Given a raw RGB-D video sequence with camera poses and object instances of interest, i.e., either by online enrollment (SVOE) or pre-enrollment (MVPE), the goal of our benchmark task is to output the object instance 3D centers in a predefined world coordinate at each timestamp. Please check our paper for more details regarding the benchmark protocol and dataset.

Benchmark Dataset

Benchmark dataset is available to download here. The benchmark dataset is around ~900GB and comes with the following three parts:

Raw video sequences. RGB-D video sequences with per-frame camera pose, captured with HoloLens 2. The video data is organized in the following structure:

# Raw video sequence structure

├── Video Seq 1
│   ├── pv                    # rgb camera
│   ├── depth_ahat            # depth camera
│   ├── vlc_ll                # left-left grayscale camera
│   ├── vlc_lf                # left-front grayscale camera
│   ├── vlc_rf                # right-front grayscale camera
│   ├── vlc_rr                # right-right grayscale camera
│   ├── mesh                  # coarse mesh of the surrounding environment
│   ├── pv_pose.json
│   ├── depth_ahat_pose.json
│   ├── vlc_ll_pose.json
│   ├── vlc_lf_pose.json
│   ├── vlc_lf_pose.json
│   └── vlc_rr_pose.json
.
.
.
└── Video Seq N

Each camera pose JSON file (e.g., pv_pose.json or depth_ahat_pose.json) contains key value pairs of timestamp and the camera matrix. We also include calibration files that correspond to each raw video sequence. The calibration file specifies the camera parameters and the transformation matrices between each camera (please refer to hl2ss for more details). For more information regrading different camera specs on HoloLens 2 (pv, depth, and grayscales), please also check this document on arXiv.

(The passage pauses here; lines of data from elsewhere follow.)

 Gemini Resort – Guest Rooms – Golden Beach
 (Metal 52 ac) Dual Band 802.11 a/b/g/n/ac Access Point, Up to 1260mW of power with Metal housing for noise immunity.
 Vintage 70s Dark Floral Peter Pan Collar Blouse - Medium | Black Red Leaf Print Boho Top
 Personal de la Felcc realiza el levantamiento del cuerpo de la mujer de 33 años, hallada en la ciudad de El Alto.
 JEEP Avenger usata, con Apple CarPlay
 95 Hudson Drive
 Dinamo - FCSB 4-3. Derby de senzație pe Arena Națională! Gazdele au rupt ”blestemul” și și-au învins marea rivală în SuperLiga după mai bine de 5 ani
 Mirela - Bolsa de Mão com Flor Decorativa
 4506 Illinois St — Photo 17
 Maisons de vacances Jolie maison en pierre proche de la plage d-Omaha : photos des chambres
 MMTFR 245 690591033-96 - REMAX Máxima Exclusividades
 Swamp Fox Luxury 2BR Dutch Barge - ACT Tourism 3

Annotations. We provide three types of annotations to support the study of the benchmark problem. The annotation data is organized in the following structure:

# Annotations structure

├── Video Seq 1
│   ├── labels.csv
│   ├── 3d_center_annot.txt
│   ├── motion_state_annot.txt
│   ├── 2d_bbox_annot
│   │   ├── 0.txt
│   │   .
│   |   .
│   |   .
│   |   └── K.txt
│   └── visuals                 # clear visuals of object instances on a specific frame, only for visualization
│       ├── timestamp_instance_1.png
│       .
│       .
│       .
│       └── timestamp_instance_K.png
.
.
.
└── Video Seq N

Each line in label.csv describes the name of object instances to track, such as cup_1. The file motion_state_annot.txt describes the binary object motion state at each frame. Each line in this file has the format of instance id, timestamp_start, timestamp_end. The interval between timestamp_start and timestamp_end indicates the object remains stationary in this period. In other words, the object instance is being interacted with the user outside of each interval. Inside the 2d_bbox_annot folder, we provide the axis-aligned 2D bounding boxes for each object roughly every 5 frames if the object is visible. 0.txt corresponds to the first object instance described in label.csv. Each line in 0.txt has the format of timestamp, x_min, y_min, x_max, y_max. The 3d_center_annot.txt file includes the 3D center of each object instance in a predefined world coordinate. Each line in this file has the format of timestamp_start, timestamp_end, instance id, x, y, z, location id. Location id describes the number of location changes of the current object with zero-based indexing.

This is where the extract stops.